LISP 【List Processor】
概要
LISP(List Processor)とは、すべてのデータとコードを括弧で囲われた式として表現する、代表的な関数型プログラミング言語の一つ。一般には半世紀前に産み出されたオリジナルのLISP言語を含む数多くの派生言語の総称を表すことが多く、LISPの仕様を踏襲する個々の言語のことは「LISP方言」と呼ぶことが多い。LISPでは空白で区切った要素の列を丸括弧 ( ) で括った「リスト」(list)を基本構造として、ほとんどありとあらゆるものをリストとして表現する。
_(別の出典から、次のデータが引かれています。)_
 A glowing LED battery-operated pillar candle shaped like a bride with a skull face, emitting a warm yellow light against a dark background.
データの定義や計算式の記述、関数の定義や呼び出し、実行制御など、プログラム構成要素のほぼすべてをリストで表すことができ、データもコードも同じ記法で取り扱う。
数式のように括弧を入れ子状にすることでリストの要素としてリストを埋め込んで記述することができ、これを利用して複雑な処理を記述する。LISPのプログラムは入れ子(ネスト)になった巨大なリストの集合体となり、これを「S式」という。なお、数式とは異なり内側の括弧も同じ丸括弧で記すため、括弧の対応関係が分かるように改行やインデントで整形する必要がある。
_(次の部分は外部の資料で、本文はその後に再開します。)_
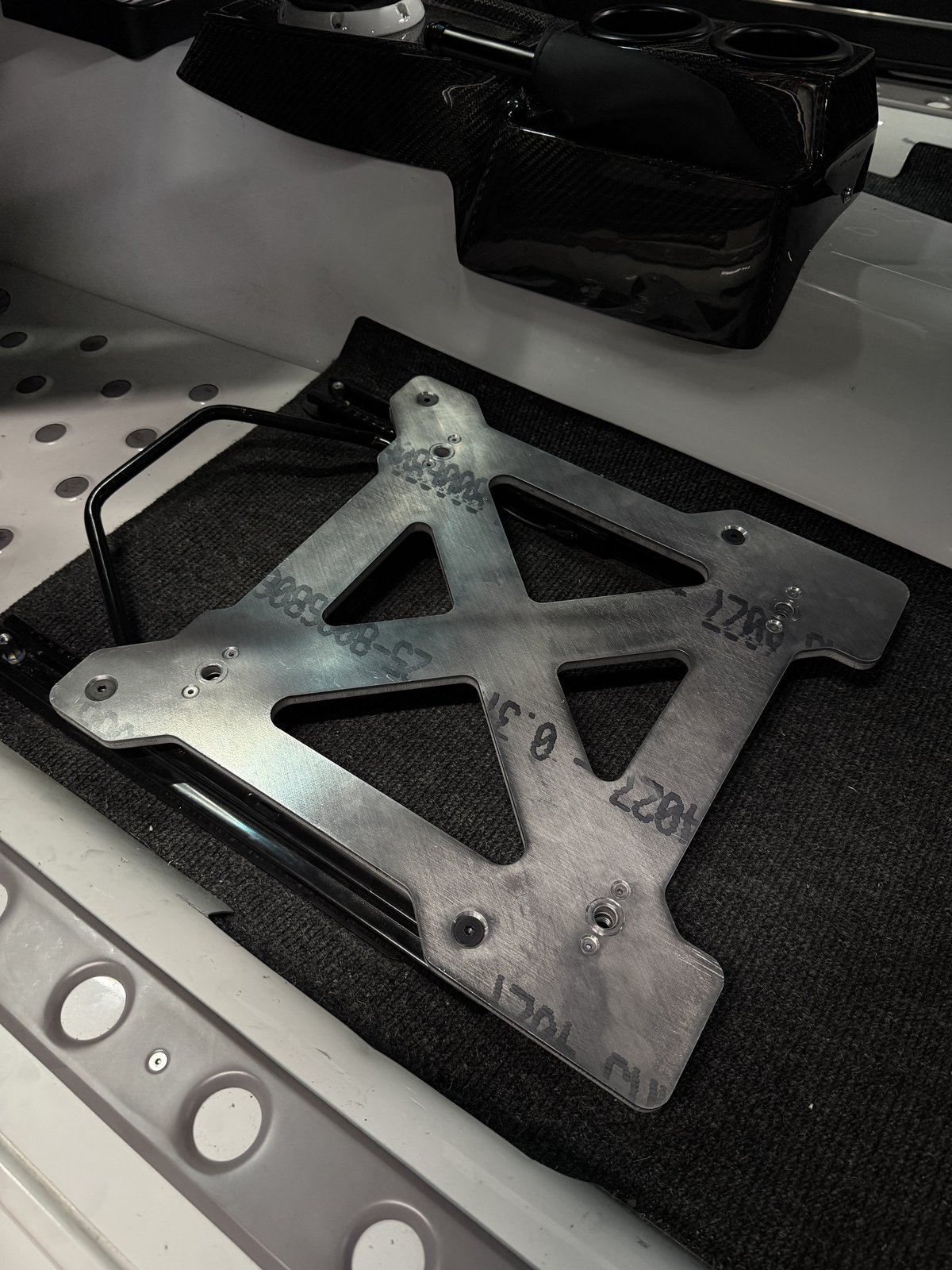 Prototype seat mount bracket test-fit in a race car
手続き型言語などに見られる「式」(expression)と「文」(statement)の区別はなく、プログラムはすべてS式として記述・評価される。式の記述には演算子を演算対象の前に置く前置記法(ポーランド記法)が用いられる。例えば、「1と2の和」を表す式は (+ 1 2) と書く。リストの先頭の要素に様々なキーワードを用いることで、他言語で文や命令に相当する処理を記述することができる。
歴史
LISPは1958年にマサチューセッツ工科大学(MIT)でコンピュータ科学や認知科学を研究していたジョン・マッカーシー(John McCarthy)氏によって考案され、人工知能研究などで活用された。実装が容易で拡張しやすいことから、長い年月を経て仕様の異なる派生言語が数多く生まれた。
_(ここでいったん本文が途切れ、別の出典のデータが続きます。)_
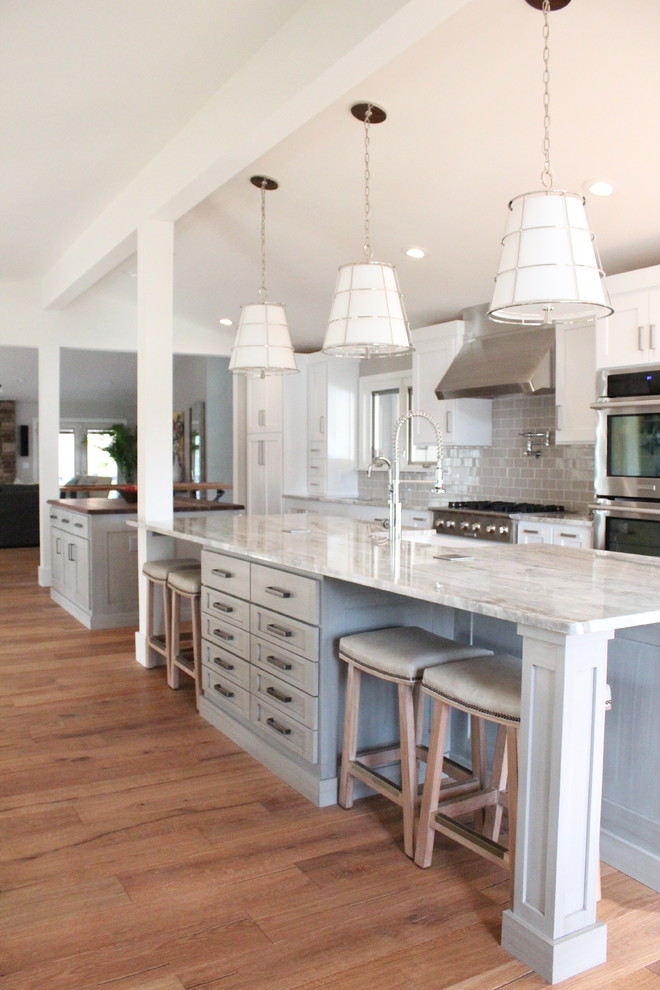 Example of a mid-sized transitional galley medium tone wood floor and brown floor kitchen design in St Louis with a farmhouse sink, recessed-panel cabinets, gray cabinets, gray backsplash, subway tile backsplash, stainless steel appliances and two islands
1980年代にLISPの標準化を求める動きが強まり、1984年に共通仕様「Common Lisp」が発表され、1994年に米国国家規格協会(ANSI)によって標準化された。有力なLISP方言および処理系としては、テキストエディタのEmacsを実行環境とする「Emacs Lisp」や、コンピュータ科学の教育・研究で広く用いられる「Scheme」、Java仮想マシンや.NETランタイムで動作する「Clojure」などがある。